Internal Communications

The new gig

Three years ago only a handful of journalists, HR obsessives and economists had ever heard of a zero-hour contract. Yet following the exposure of their widespread use at companies, including Sports Direct, McDonald’s UK and pub chain Wetherspoons, the controversial contracts formed the core of Labour’s 2015 election campaign, have been publicly discussed regularly by business leaders and politicians while laws have been passed banning the most punitive versions.

The Office for National Statistics now specifically asks workers whether they are on the contracts, which offer no guaranteed hours of employment, and officials have also been forced to change the way the statistics are totted up. But it seems zero-hour contracts are being rapidly replaced as the controversial contract of choice with ‘self-employment’ via the ‘gig economy’.

Swathes of typically young people desperate for a wage, agree to work with the likes for Uber or Deliveroo and are hired as a ‘supplier of services’, rather than being directly employed. It means they only get paid for the deliveries they carry out, so that during quiet periods the company does not need to pay them a wage at all, cutting their costs immensely but leaving workers high and dry. Unions have decried the increasing use of the contracts, judges have criticised the arrangements and an influential Parliamentary Committee is investigating their use.

Some may argue that the tide is turning against the gig economy, but can we expect to see them go the way of the zero-hour contract? Or does the rise and rise of companies harnessing new technologies and using computer algorithms to assess and control workers mean the ‘gig economy’ is here to stay?

That drive to the bottom we’re seeing, when it comes to worker’s conditions and productivity, is ultimately, not conducive to a long-term business venture

The contracts are used primarily in the delivery and travel business. But the companies that employ these practices, such as Hermes, Deliveroo and Uber, received a warning shot when an employment tribunal recently ruled that Uber drivers were technically workers for the company, rather than ‘suppliers’ of services as Uber claimed them to be.

This essential difference means that the drivers should be entitled to regular pay and benefits such as holiday and sick pay. Uber, which has more than 40,000 licensed drivers in 20 UK towns and cities, would also have to start paying National Insurance contributions on behalf of the workers. It is appealing the decision.

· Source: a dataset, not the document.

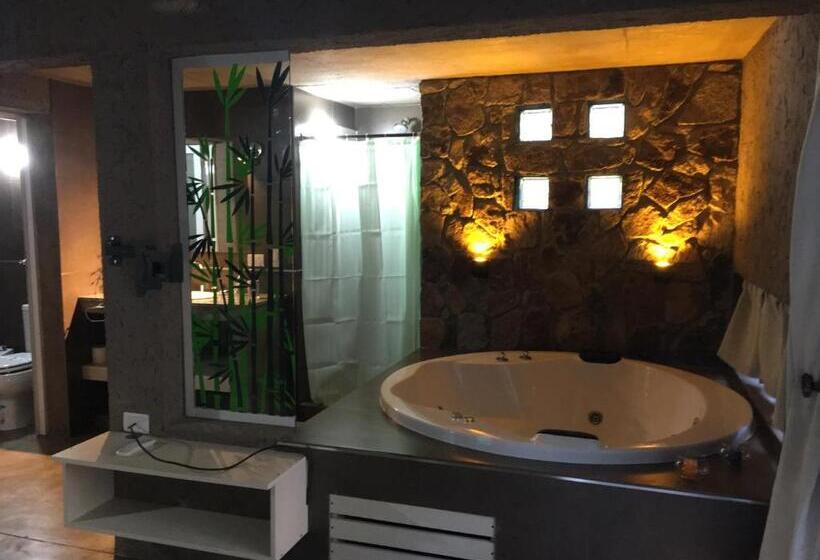Люкс Повышенной Комфортности, Pueblo Santo, Cabañas & Suites
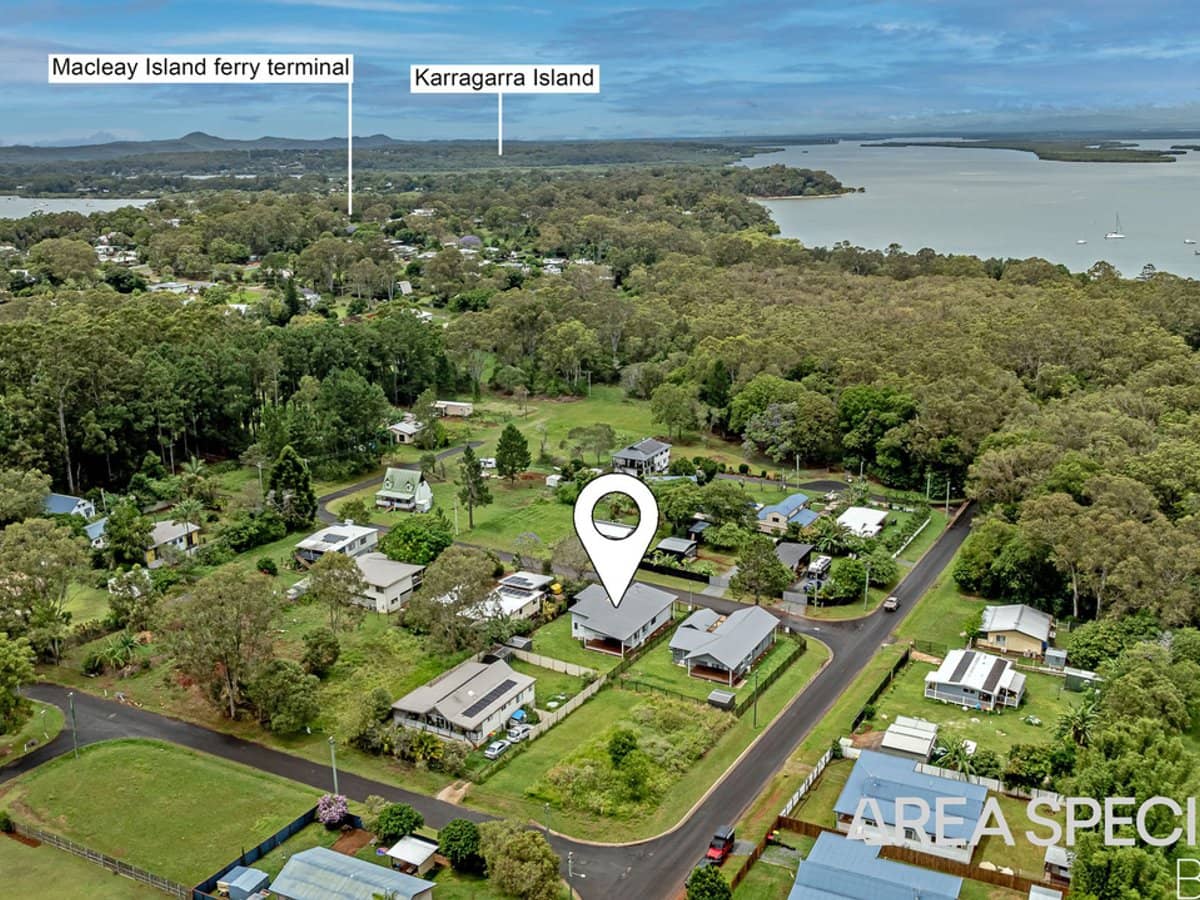 3 Conran Street, Macleay Island - Thumbnail 1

Tim Goodwin, associate solicitor at Winckworth Sherwood, explains how the ruling was made. ‘It’s a long-established principle that the courts consider employment status to be a question of ‘substance over form’ – meaning that it’s the reality of the arrangement between the company and the individual that counts, not what you put in the contract,’ he says.

‘It doesn’t really matter whether your boss has called you an employee or a contractor, if the reality is that you are in an employment relationship, which broadly means that your employer has control over your day-to-day activities at work, then the reality is that you will be an employee, and entitled to all of the employment rights that go with that status.’

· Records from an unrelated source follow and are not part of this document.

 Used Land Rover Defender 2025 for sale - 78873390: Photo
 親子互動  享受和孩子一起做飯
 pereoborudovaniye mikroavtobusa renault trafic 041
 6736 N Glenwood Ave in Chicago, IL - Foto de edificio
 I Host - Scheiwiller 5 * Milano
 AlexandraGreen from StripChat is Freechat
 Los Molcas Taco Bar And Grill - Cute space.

But, although the ruling was made based on the current laws, politicians and campaigners have taken notice and both the Government and the Business Select Committee have launched reviews into whether the law needs updating.

Speaking to CorpComms Magazine, the committee’s chairman Iain Wright MP explains why the topic has been taken up. ‘We, as a committee, are interested in how robotics will change the nature of work. Every wave of technological advance unleashes new jobs. Will that be the case again? Because I don’t think it’s inevitable,’ he says.

Technological change has always been the future of work; it’s how you shape that technological change and how you make it work for the benefit of workers and society more broadly

‘Technology now produces a new set of challenges, such as Is my job obsolete? Am I just a number? Have I got to do set things, set by a computer algorithm? and that’s part of the challenge that needs to be faced.

‘That drive to the bottom we’re seeing, when it comes to worker’s conditions and productivity, is ultimately, not conducive to a long-term business venture. We wanted to look at whether we need to tighten rules so that it’s socially progressive while remaining economically competitive.’

Wright is correct to say that technology has always pushed up against workers. Even Sports Direct’s boss Mike Ashley used the tensions as the reason for not upgrading and automating parts of his warehouse, citing the jobs that would be lost in the process.

Paul Nowak, deputy general secretary at the TUC, explains that the issue stems back more than 100 years. ‘This is not a new phenomenon. There’s the famous tale of Walter Reuther, the head of the car workers’ union in the US, walking around the Ford plant with Henry Ford, with Ford showing off new machinery that would replace Reuther’s members.

‘So, technological change has always been the future of work, it’s how you shape that technological change and how you make it work for the benefit of workers and society more broadly.’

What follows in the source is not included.